I'm trying to come up with a ballpark date for an old plow, to decide whether it was more likely my great or great great grandfather's.
Not much to go on here. No markings on any of the parts. Square nuts/bolts and one truss rod is covered with a galvanized tube. I'm guessing the galvanized tube is more of a clue than anything, but I don't know how old that makes it. My "old in 1951" Morgan vise has galvanized parts too.
As for wood, the original stuff is ready to retire, but still intact. It's quite soft. Actually looks like pine to me. Someone might have replaced the wood at some when along the way, but it's definitely been sitting out in the rain for the last 30 years, which would seem to contraindicate pine. Cedar? Hemlock? What soft wood would withstand 30 years in the rain, and untold decades in the basement, not to mention decades of hard use? Whether it was my great grandfather or my great grandfather's father, he was dirt poor, and lived in the mountains of Virginia.
Finally, the "I have my great grandfather's axe. My grandfather replaced the handle, and my father replaced the head" argument comes to mind here. I'm restoring this as a gift for my grandmother, and am in a heated debate with my mother over what to do.

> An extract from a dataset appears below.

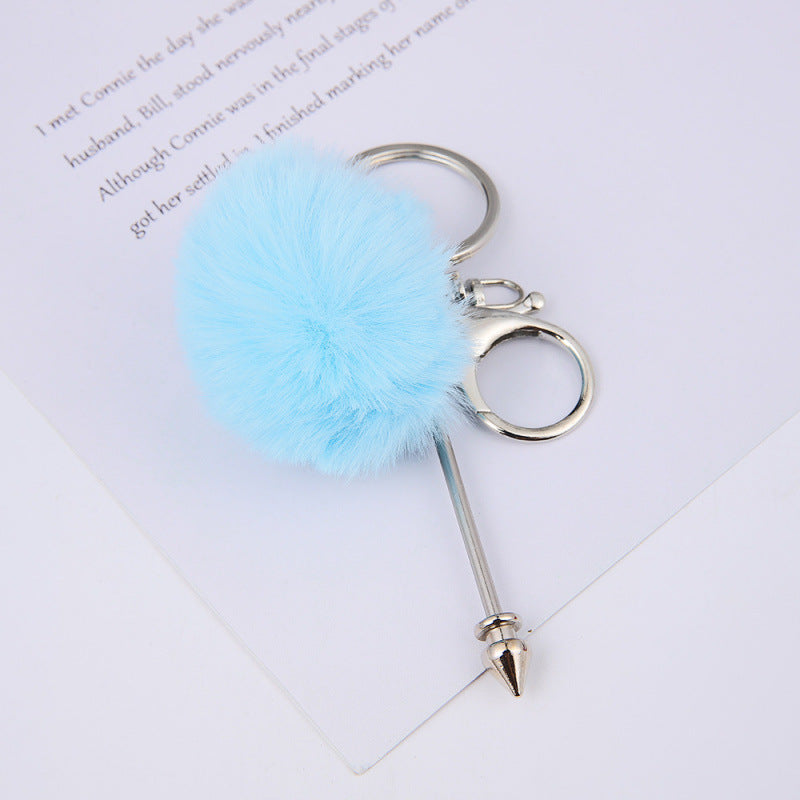 Wholesale DIY wool ball rivet keychain creative cute plush pendant luggage accessories keychain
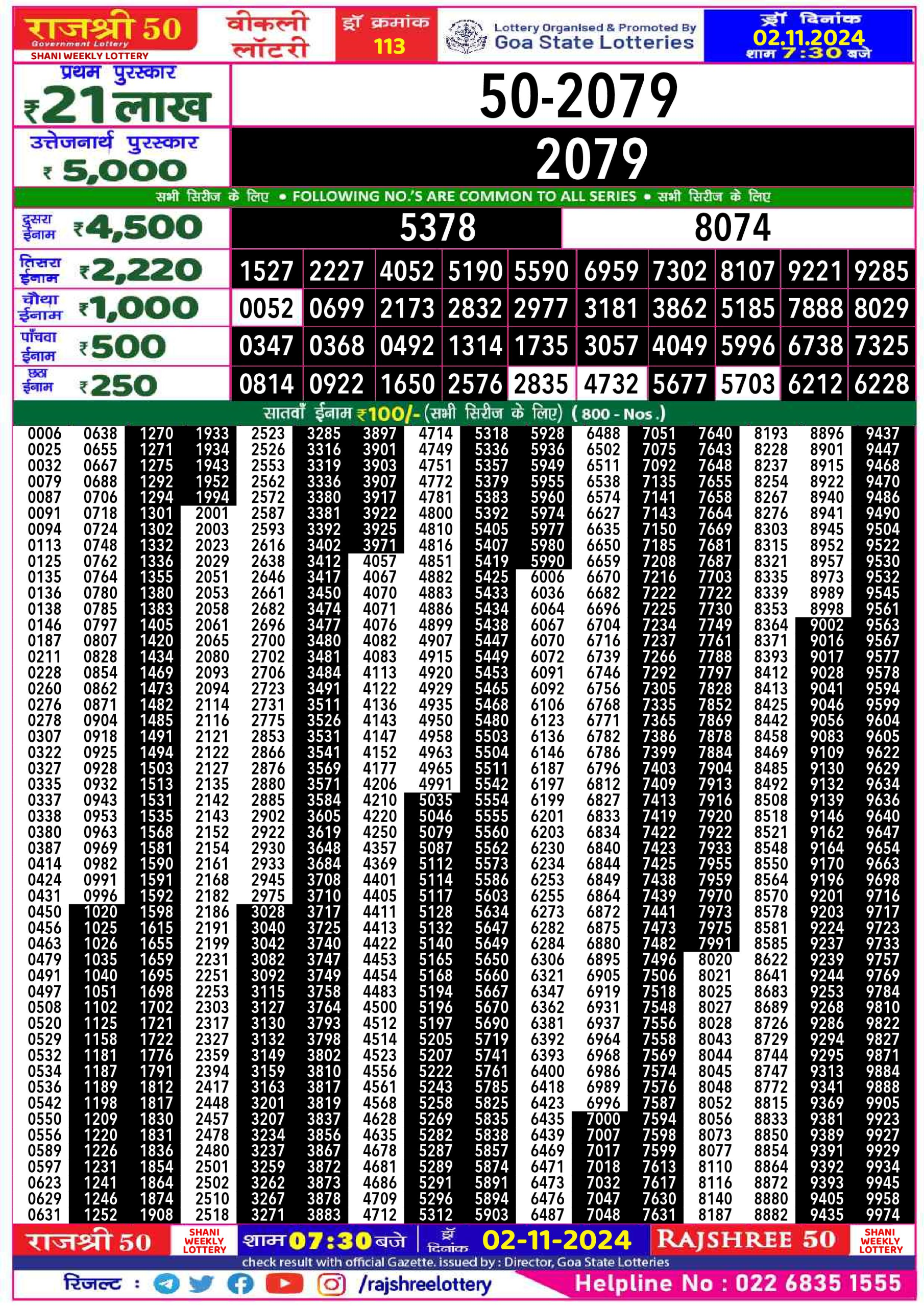 Dear Lottery Chart 2024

Mom says bolt/screw/wire (or even *duct tape* bleah!) on some kind of braces to shore up the rotten wood, leave it half rotten and rusty and covered with dried up cow shit, and the fact that this wood has been touched by old and long-since-buried hands will have more sentimental value. OTOH, I say to do the tool and the man who once used it honor, it should be restored to working order, which absolutely means new wood, and maybe electrolysis and painting. (The metal has a stable coating of rust, so if I can get the bolts apart, I can do this without having to de-rust it. Could use swaying either way on that score.)
She says the receiver of the tool will never use it (and she won't... she's
80-something, and has gotten pretty fragile these past few years), so I should do the minimum necessary to keep it from falling apart, keep the old, sentimental wood, and then wire a flower pot to it and call it a planter. I say restore it completely, make a nice display box and put the old, rotten handles in the box.Making a planter out of a 70-100 year old plow seems obscene to me. Am I wrong here people? Then again, Mom knows her mother's mind better than I do, so I'm inclined to do what she wants with it, even though the concept is highly offensive to me as a lover of tools.